— Problem to work on —
Below are records with pictures in them. Transcribe everything from the line containing "Baby artikelen BABYBUGZ" down to the line containing "хром, Gotoh SG301-HAPM-20-C-L3+R3", exactly, and leave the pictures behind.

— Exercise input —
◇ ◇ ◇ ◇

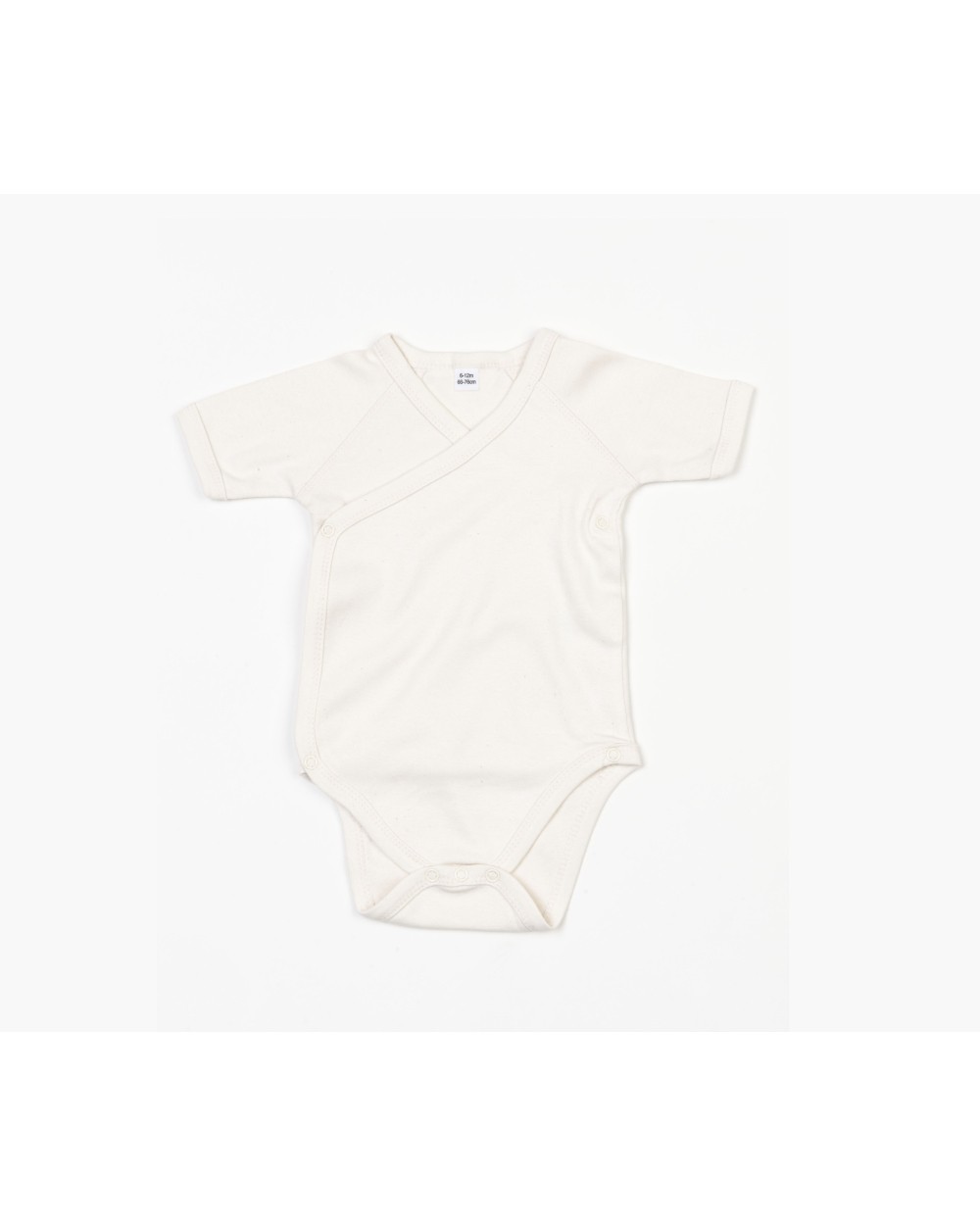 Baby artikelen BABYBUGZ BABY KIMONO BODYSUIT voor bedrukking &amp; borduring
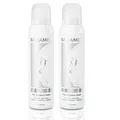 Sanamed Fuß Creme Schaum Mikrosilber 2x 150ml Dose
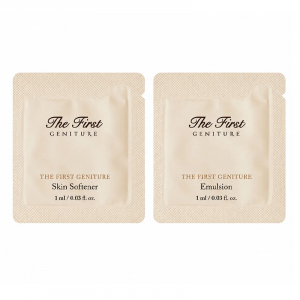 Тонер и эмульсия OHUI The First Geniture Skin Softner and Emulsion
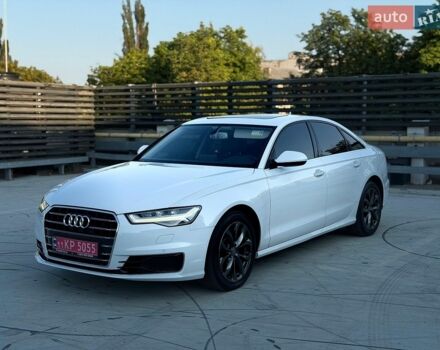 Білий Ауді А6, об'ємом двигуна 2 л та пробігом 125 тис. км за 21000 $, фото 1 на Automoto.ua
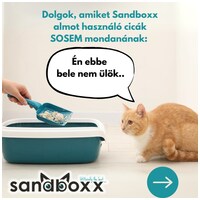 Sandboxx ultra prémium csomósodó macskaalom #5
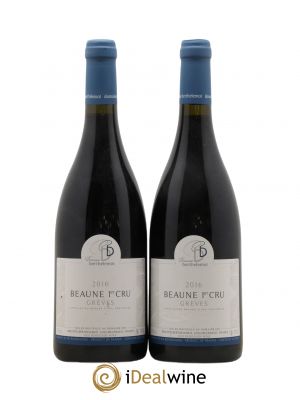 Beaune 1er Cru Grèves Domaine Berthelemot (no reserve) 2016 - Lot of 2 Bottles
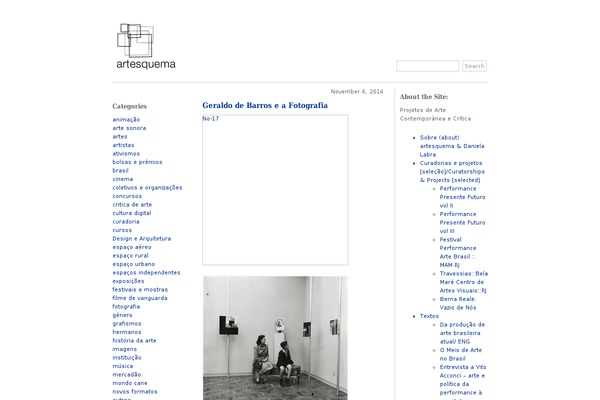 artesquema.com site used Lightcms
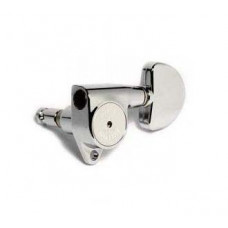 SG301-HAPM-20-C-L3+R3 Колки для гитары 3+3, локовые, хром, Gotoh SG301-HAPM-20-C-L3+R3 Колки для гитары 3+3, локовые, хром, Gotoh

◇ ◇ ◇ ◇

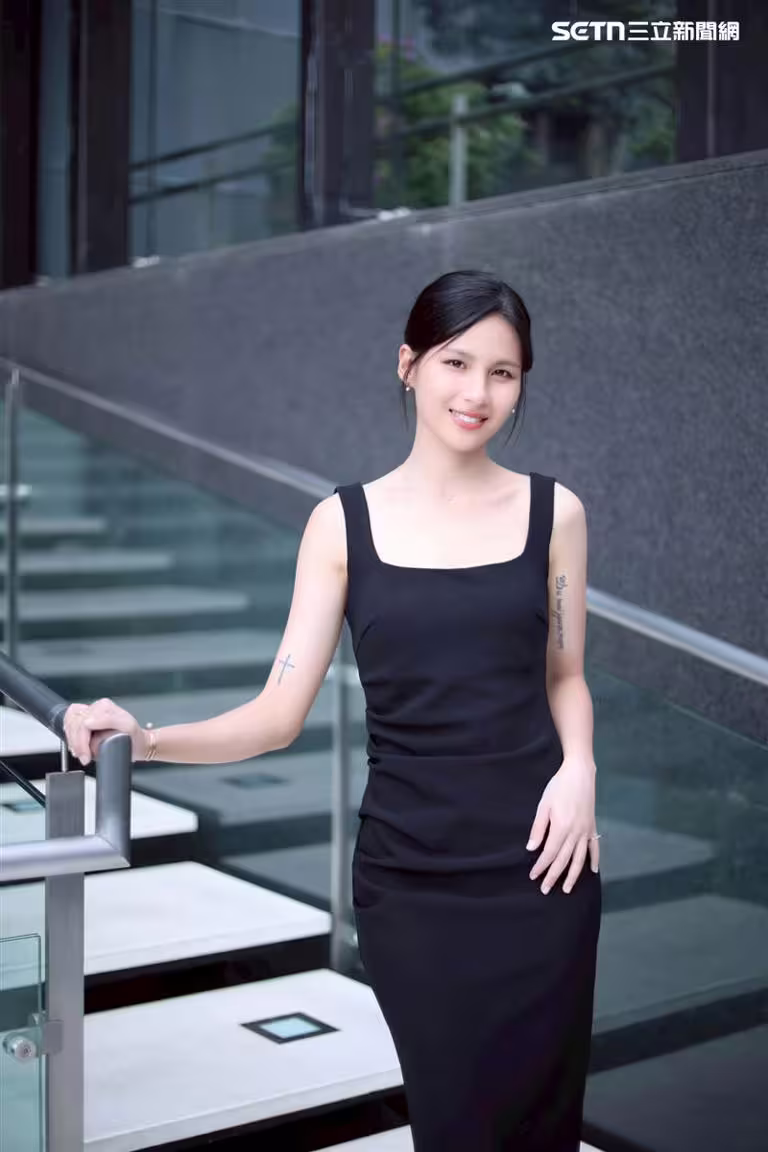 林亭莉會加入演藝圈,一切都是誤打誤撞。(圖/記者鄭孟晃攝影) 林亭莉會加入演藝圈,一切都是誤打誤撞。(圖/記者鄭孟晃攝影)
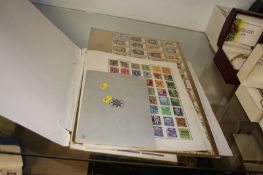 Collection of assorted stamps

◇ ◇ ◇ ◇

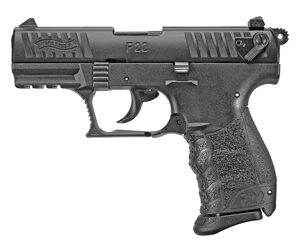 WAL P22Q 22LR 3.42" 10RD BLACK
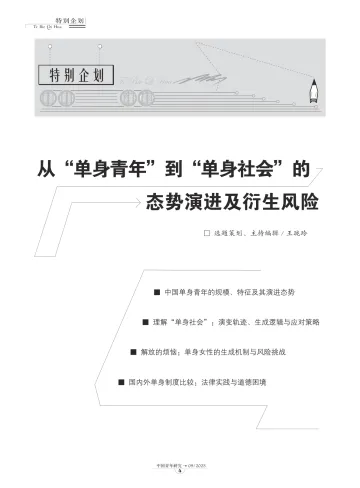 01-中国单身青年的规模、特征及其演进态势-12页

◇ ◇ ◇ ◇

— Answer section —
 Baby artikelen BABYBUGZ BABY KIMONO BODYSUIT voor bedrukking &amp; borduring
 Sanamed Fuß Creme Schaum Mikrosilber 2x 150ml Dose
 Тонер и эмульсия OHUI The First Geniture Skin Softner and Emulsion
 Білий Ауді А6, об'ємом двигуна 2 л та пробігом 125 тис. км за 21000 $, фото 1 на Automoto.ua
 Sandboxx ultra prémium csomósodó macskaalom #5
 Beaune 1er Cru Grèves Domaine Berthelemot (no reserve) 2016 - Lot of 2 Bottles
 artesquema.com site used Lightcms
 SG301-HAPM-20-C-L3+R3 Колки для гитары 3+3, локовые, хром, Gotoh SG301-HAPM-20-C-L3+R3 Колки для гитары 3+3, локовые, хром, Gotoh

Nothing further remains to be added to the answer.